[[ Entries supplied open ]]
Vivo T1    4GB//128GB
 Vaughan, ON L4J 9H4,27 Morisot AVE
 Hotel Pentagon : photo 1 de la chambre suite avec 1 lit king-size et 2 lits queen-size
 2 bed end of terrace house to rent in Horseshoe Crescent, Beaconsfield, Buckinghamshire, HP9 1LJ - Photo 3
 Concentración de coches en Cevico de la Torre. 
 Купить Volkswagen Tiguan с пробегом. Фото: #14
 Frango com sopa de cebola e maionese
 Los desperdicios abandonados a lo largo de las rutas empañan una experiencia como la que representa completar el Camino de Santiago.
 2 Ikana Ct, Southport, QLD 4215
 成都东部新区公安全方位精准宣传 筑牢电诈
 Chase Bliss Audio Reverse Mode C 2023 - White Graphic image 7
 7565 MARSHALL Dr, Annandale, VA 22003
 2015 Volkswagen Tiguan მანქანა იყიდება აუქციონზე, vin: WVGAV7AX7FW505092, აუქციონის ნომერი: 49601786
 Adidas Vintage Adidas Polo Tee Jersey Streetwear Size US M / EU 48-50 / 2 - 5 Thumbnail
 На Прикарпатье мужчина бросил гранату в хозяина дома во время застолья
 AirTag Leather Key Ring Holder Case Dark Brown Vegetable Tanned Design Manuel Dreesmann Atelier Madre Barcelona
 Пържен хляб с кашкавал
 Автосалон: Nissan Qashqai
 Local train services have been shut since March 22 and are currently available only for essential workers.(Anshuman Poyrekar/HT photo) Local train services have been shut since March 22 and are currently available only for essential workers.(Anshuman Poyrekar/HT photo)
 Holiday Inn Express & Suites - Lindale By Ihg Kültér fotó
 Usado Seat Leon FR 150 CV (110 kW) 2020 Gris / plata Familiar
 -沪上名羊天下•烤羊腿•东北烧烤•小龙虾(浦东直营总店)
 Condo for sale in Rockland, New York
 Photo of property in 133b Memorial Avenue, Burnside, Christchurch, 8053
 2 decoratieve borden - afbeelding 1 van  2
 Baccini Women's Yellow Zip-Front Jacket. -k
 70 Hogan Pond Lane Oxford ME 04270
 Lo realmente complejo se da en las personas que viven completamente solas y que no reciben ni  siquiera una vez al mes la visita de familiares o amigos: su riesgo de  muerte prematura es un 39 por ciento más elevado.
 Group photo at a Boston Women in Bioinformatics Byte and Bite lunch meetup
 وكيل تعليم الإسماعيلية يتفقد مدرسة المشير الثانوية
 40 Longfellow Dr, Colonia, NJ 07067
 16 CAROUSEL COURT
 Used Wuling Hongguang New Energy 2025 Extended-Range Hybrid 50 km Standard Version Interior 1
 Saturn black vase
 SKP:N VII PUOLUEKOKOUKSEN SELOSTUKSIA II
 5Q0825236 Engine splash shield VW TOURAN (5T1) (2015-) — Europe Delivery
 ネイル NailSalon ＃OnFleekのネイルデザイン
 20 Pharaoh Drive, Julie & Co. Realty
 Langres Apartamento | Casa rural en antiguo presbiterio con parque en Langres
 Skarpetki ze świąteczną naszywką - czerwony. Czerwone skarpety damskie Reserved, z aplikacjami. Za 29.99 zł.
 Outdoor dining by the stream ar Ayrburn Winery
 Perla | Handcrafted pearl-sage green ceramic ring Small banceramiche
[[ Entries supplied closed ]]
* Aim of the exercise:
Look at the material above and copy, word for word, its lines from the first through the one containing "16 CAROUSEL COURT".

* Response to the exercise:
Vivo T1    4GB//128GB
 Vaughan, ON L4J 9H4,27 Morisot AVE
 Hotel Pentagon : photo 1 de la chambre suite avec 1 lit king-size et 2 lits queen-size
 2 bed end of terrace house to rent in Horseshoe Crescent, Beaconsfield, Buckinghamshire, HP9 1LJ - Photo 3
 Concentración de coches en Cevico de la Torre. 
 Купить Volkswagen Tiguan с пробегом. Фото: #14
 Frango com sopa de cebola e maionese
 Los desperdicios abandonados a lo largo de las rutas empañan una experiencia como la que representa completar el Camino de Santiago.
 2 Ikana Ct, Southport, QLD 4215
 成都东部新区公安全方位精准宣传 筑牢电诈
 Chase Bliss Audio Reverse Mode C 2023 - White Graphic image 7
 7565 MARSHALL Dr, Annandale, VA 22003
 2015 Volkswagen Tiguan მანქანა იყიდება აუქციონზე, vin: WVGAV7AX7FW505092, აუქციონის ნომერი: 49601786
 Adidas Vintage Adidas Polo Tee Jersey Streetwear Size US M / EU 48-50 / 2 - 5 Thumbnail
 На Прикарпатье мужчина бросил гранату в хозяина дома во время застолья
 AirTag Leather Key Ring Holder Case Dark Brown Vegetable Tanned Design Manuel Dreesmann Atelier Madre Barcelona
 Пържен хляб с кашкавал
 Автосалон: Nissan Qashqai
 Local train services have been shut since March 22 and are currently available only for essential workers.(Anshuman Poyrekar/HT photo) Local train services have been shut since March 22 and are currently available only for essential workers.(Anshuman Poyrekar/HT photo)
 Holiday Inn Express & Suites - Lindale By Ihg Kültér fotó
 Usado Seat Leon FR 150 CV (110 kW) 2020 Gris / plata Familiar
 -沪上名羊天下•烤羊腿•东北烧烤•小龙虾(浦东直营总店)
 Condo for sale in Rockland, New York
 Photo of property in 133b Memorial Avenue, Burnside, Christchurch, 8053
 2 decoratieve borden - afbeelding 1 van  2
 Baccini Women's Yellow Zip-Front Jacket. -k
 70 Hogan Pond Lane Oxford ME 04270
 Lo realmente complejo se da en las personas que viven completamente solas y que no reciben ni  siquiera una vez al mes la visita de familiares o amigos: su riesgo de  muerte prematura es un 39 por ciento más elevado.
 Group photo at a Boston Women in Bioinformatics Byte and Bite lunch meetup
 وكيل تعليم الإسماعيلية يتفقد مدرسة المشير الثانوية
 40 Longfellow Dr, Colonia, NJ 07067
 16 CAROUSEL COURT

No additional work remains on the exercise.